START SUPPLIED RECORDS
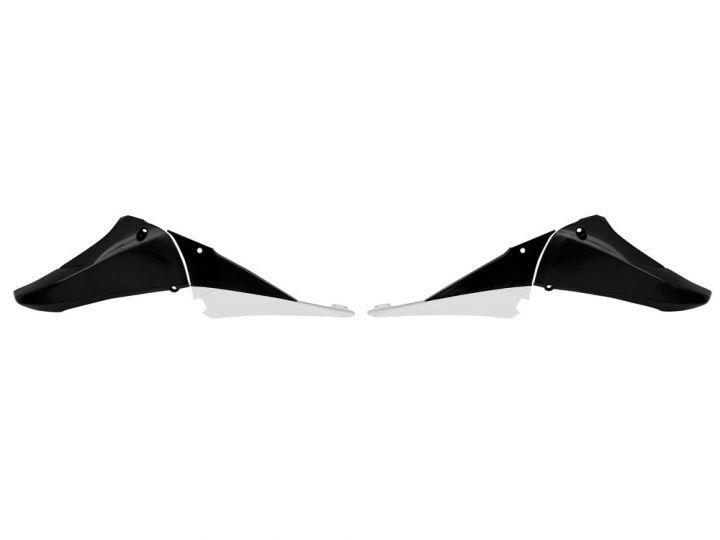 Rtech Cooler Spoiler Fits Yamaha YZ 450F 10-13 Black/White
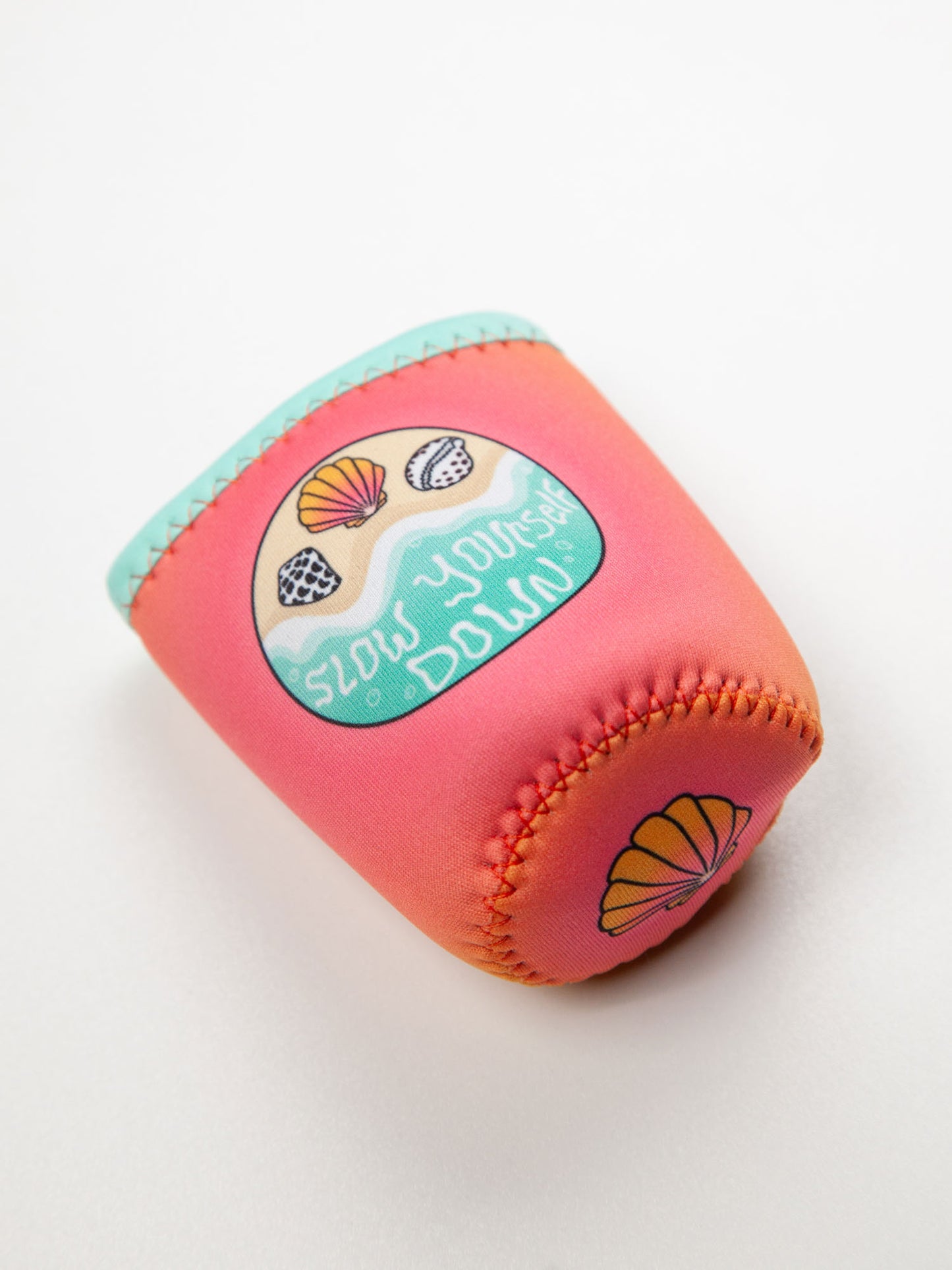 Ginger Shell Coozie | Slow Yourself Down - Coozie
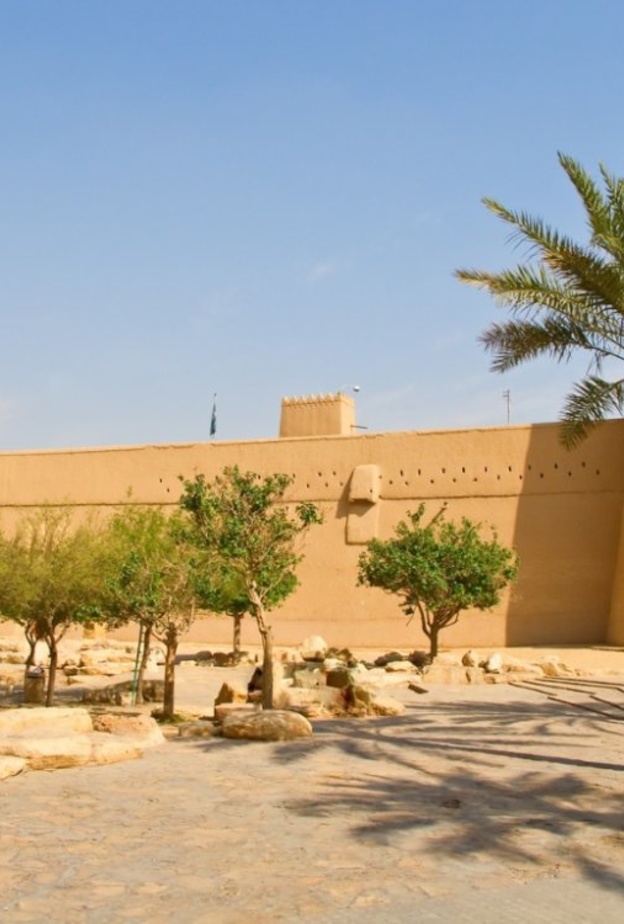 قصر المصمك في الرياض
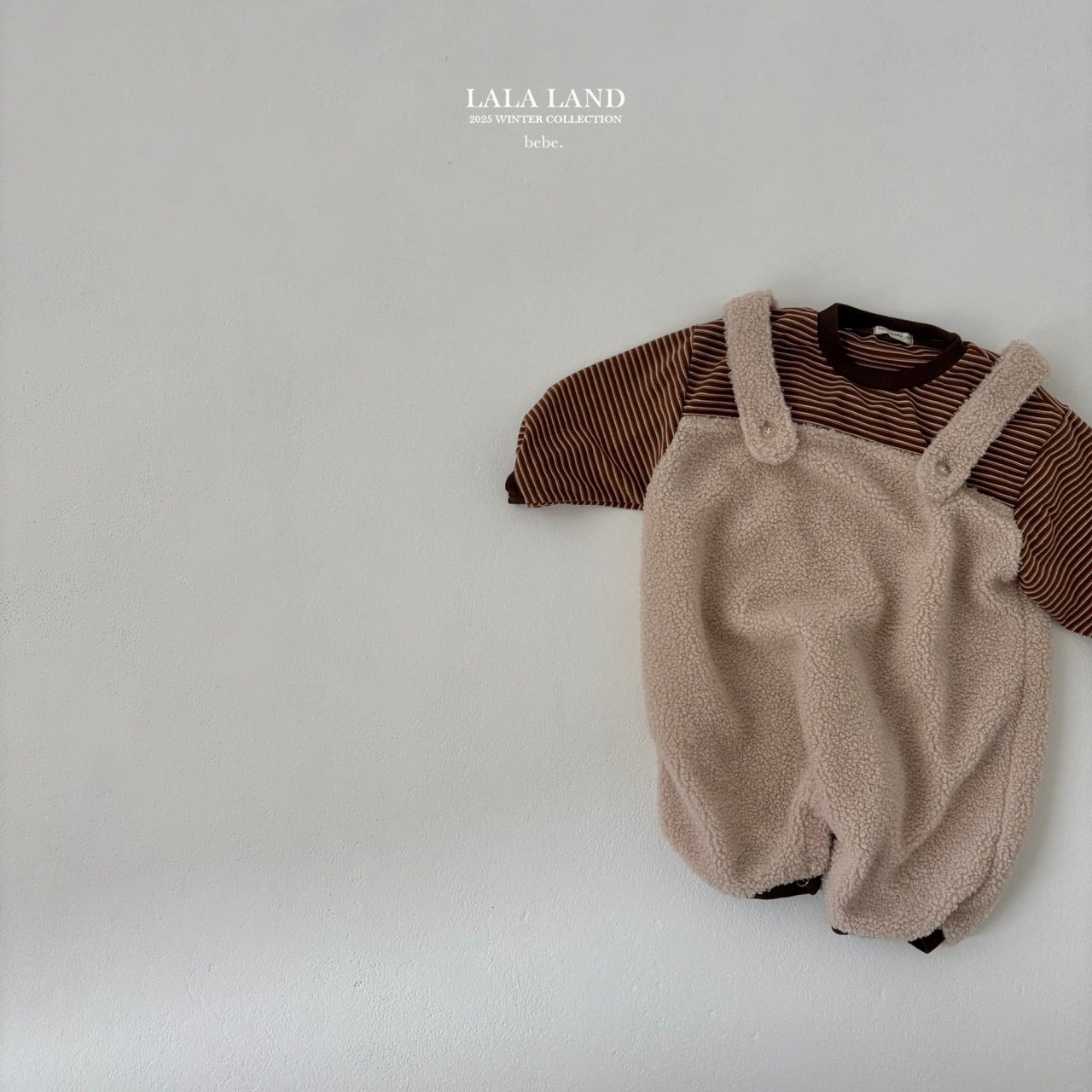 ［Lala land］Ring boa suit (baby)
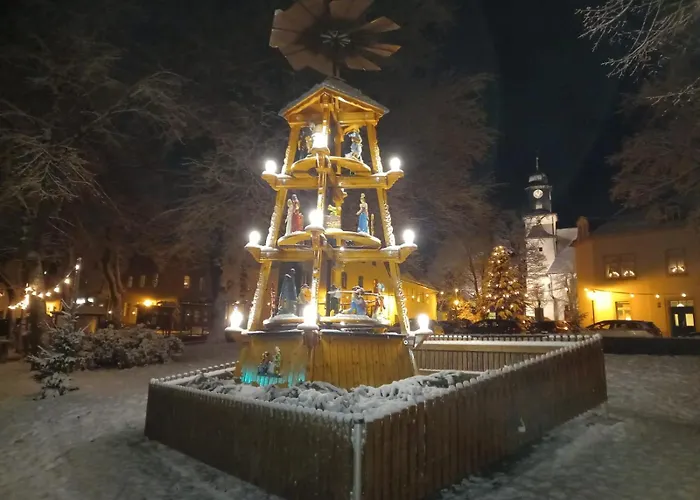 公寓 Am Marktplatz 玛丽恩堡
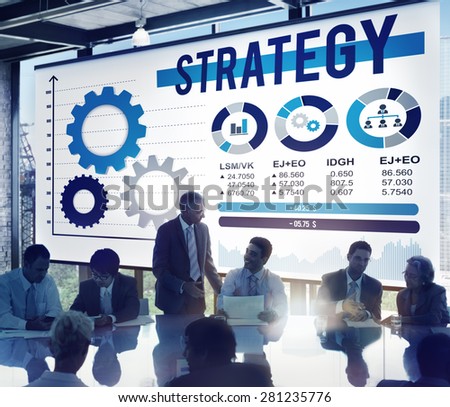 Strategy Process Solution Strategic Vision Concept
END SUPPLIED RECORDS
» PROBLEM REQUIREMENTS
Print every line of the data exactly. Pictures do not belong in the copy.

» SOLUTION BELOW
 Rtech Cooler Spoiler Fits Yamaha YZ 450F 10-13 Black/White
 Ginger Shell Coozie | Slow Yourself Down - Coozie
 قصر المصمك في الرياض
 ［Lala land］Ring boa suit (baby)
 公寓 Am Marktplatz 玛丽恩堡
 Strategy Process Solution Strategic Vision Concept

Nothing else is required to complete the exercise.